SUPPLIED MATERIAL

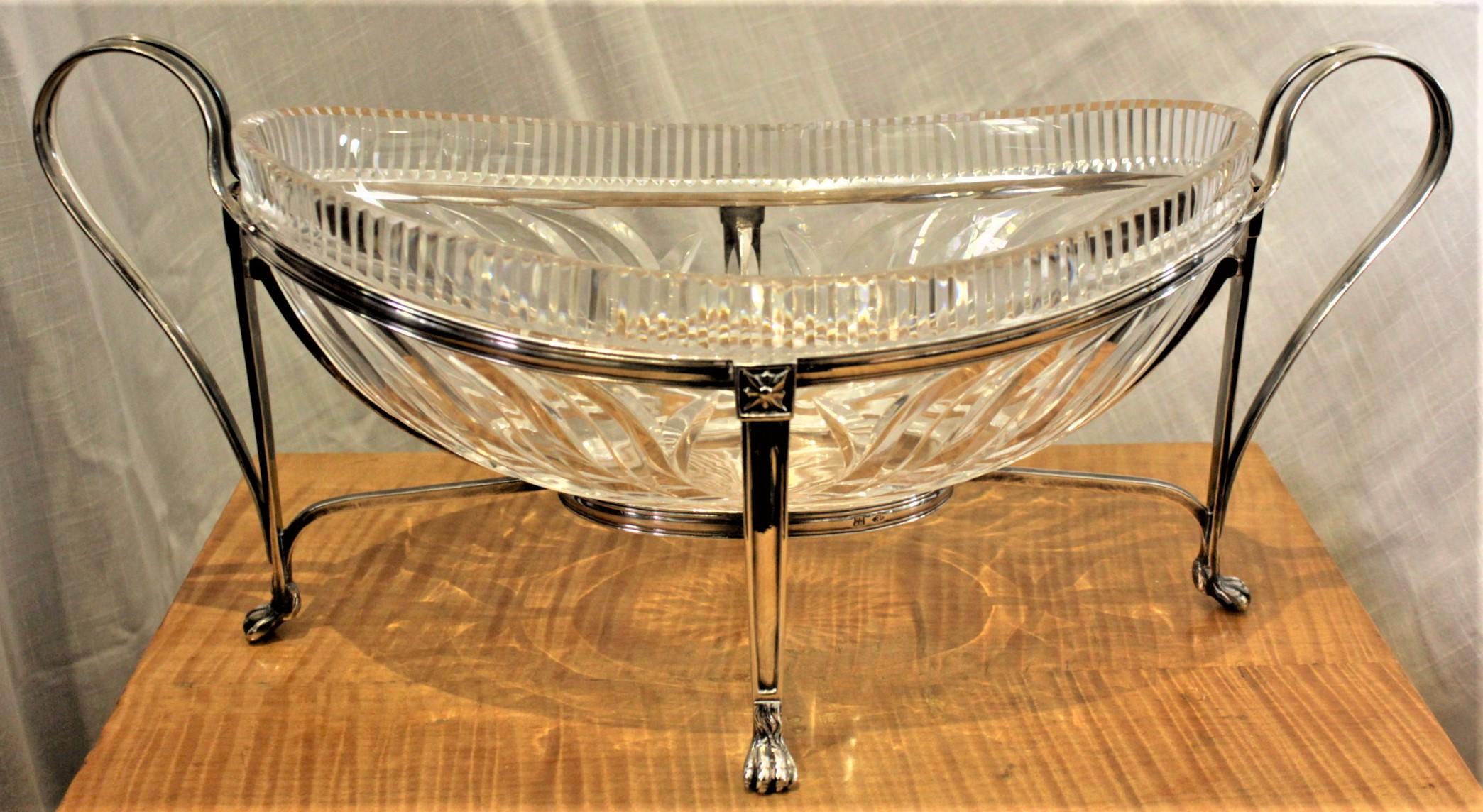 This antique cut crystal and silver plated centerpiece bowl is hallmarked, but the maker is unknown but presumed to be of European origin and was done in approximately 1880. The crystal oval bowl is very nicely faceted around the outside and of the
* * *
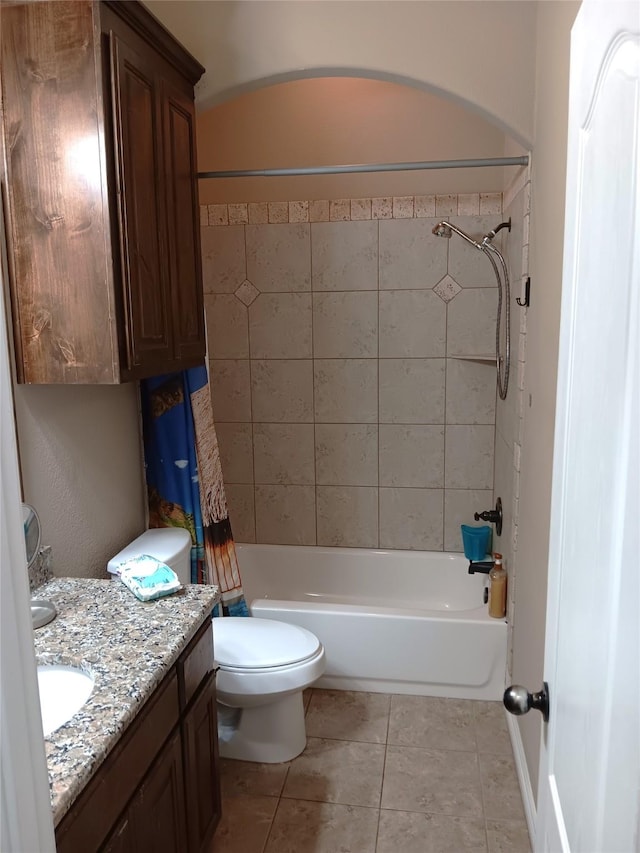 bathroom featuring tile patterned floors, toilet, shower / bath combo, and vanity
==
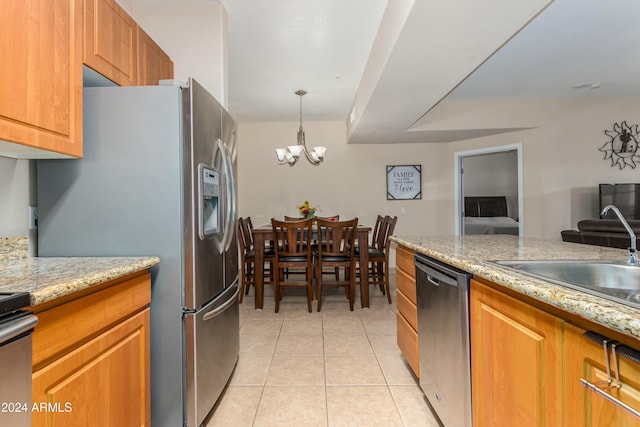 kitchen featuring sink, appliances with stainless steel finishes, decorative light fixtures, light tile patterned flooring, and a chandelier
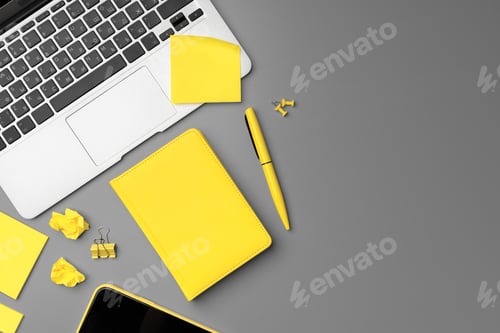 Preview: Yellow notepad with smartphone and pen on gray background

WHAT YOU SHOULD DO
Given the listing above, repeat exactly the lines starting at the one with "kitchen featuring sink, appliances" and ending at the one with "Preview: Yellow notepad", inclusive, excluding pictures.

RESPONSE AREA
 kitchen featuring sink, appliances with stainless steel finishes, decorative light fixtures, light tile patterned flooring, and a chandelier
 Preview: Yellow notepad with smartphone and pen on gray background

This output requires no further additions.